E allora mi son ricordato un altro film. Parla di due motociclisti come son motociclista io e tanti altri, e forse se lo sono è per aver consumato anche io la mia fetta consistente di suggestione filmica. ‘Sti due motociclisti non hanno una dimora fissa, guarda tu come fossero zingari. Se ne vanno in giro e vivono violando la legge, guarda un po’ tu, come capita agli zingari. ?Sti due motociclisti incontrano a un certo punto un altro sbiellato e son lì a raccontarsi che la gente, quel mucchiame lì indistinto di idea negata che definiamo per fiacchezza dell’informazione “la gente”, passa il tempo a parlarti dell’individuo ma quando se lo trovano davanti l’individuo poi si cagano addosso. E infatti la gente lo ammazza a bastonate quello sbiellato lì e poi si lavora anche gli altri due la bella gente lasciandoli morti sull’asfalto a farsi portare dalle note di Roger mc Guinn che è compartecipe dell’original soundtrack. Insomma io ho visto ‘sto film e l’ho capita la storia che devi averci ben presente l’idea di libertà, che l’idea che la ragione è della maggioranza non funziona, che la massa mugghiante non ha cervello ma monta come il fiume di piena sull’argine debole e porta come il fiume carichi di merda e carogne. ‘Sto film mi ha spiegato che ad averci le idee preconfezionate, già saltate nella padella, non c’è guadagno. Con buona pace di quelli che al cinema i film gli hanno insegnato a piangere fino allo scorrere dell’ultimo titolo di coda.

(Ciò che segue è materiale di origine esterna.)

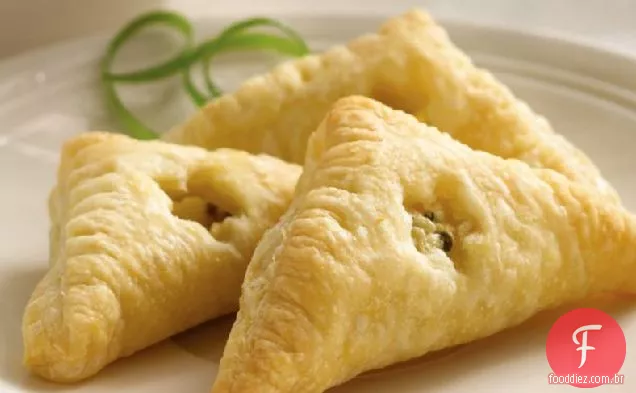 Queijo Feta, limão e cebolinha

Ora, mentre scrivo, nell’aria torinese stagna ancora la puzza di bruciato. Una ragazza dopo aver scopato col suo uomo per paura della famiglia dice che l’hanno violentata gli zingari. Dalle Vallette, che non è proprio una zona d’agio, partono un mucchio di persone che dice che sono ultras della juve e pensa tu il cortocircuito delle appartenenze e delle territorialità che alle Vallette c’è pure il carcere torinese e le Vallette sono uno dei contenitori urbani riempito negli anni Sessanta o giù di lì di tutti i meridioni possibili. Bruciano un campo nomadi, che non mi sono simpatici a prescindere, perché io al cinema piango solo per Dumbo, ma che non posso odiare per abitudine. Non odio niente per abitudine, tranne i luoghi comuni e l’isteria collettiva. Ma evidentemente questi il film dei due motociclisti non l’hanno visto o non ci hanno capito un cazzo. Questi preferiscono averci un’idea collettiva, anabolizzata di leggende metropolitane e distorsioni del reale, questi si riconoscono sotto un segno d’apparttenenza, un grugnito, una svastica, un qualcosa. Preferiscono fare così che averci delle idee tutte loro, costruite a martellate su quello che la vita gli fa passare davanti. Sarà così. Come diceva Danilo Dolci “non sentite l’odore del fumo”. No, mi ripeto, questi il film dei due motociclisti non l’hanno mica visto mi ripeto. O non ci hanno capito un cazzo. Può essere.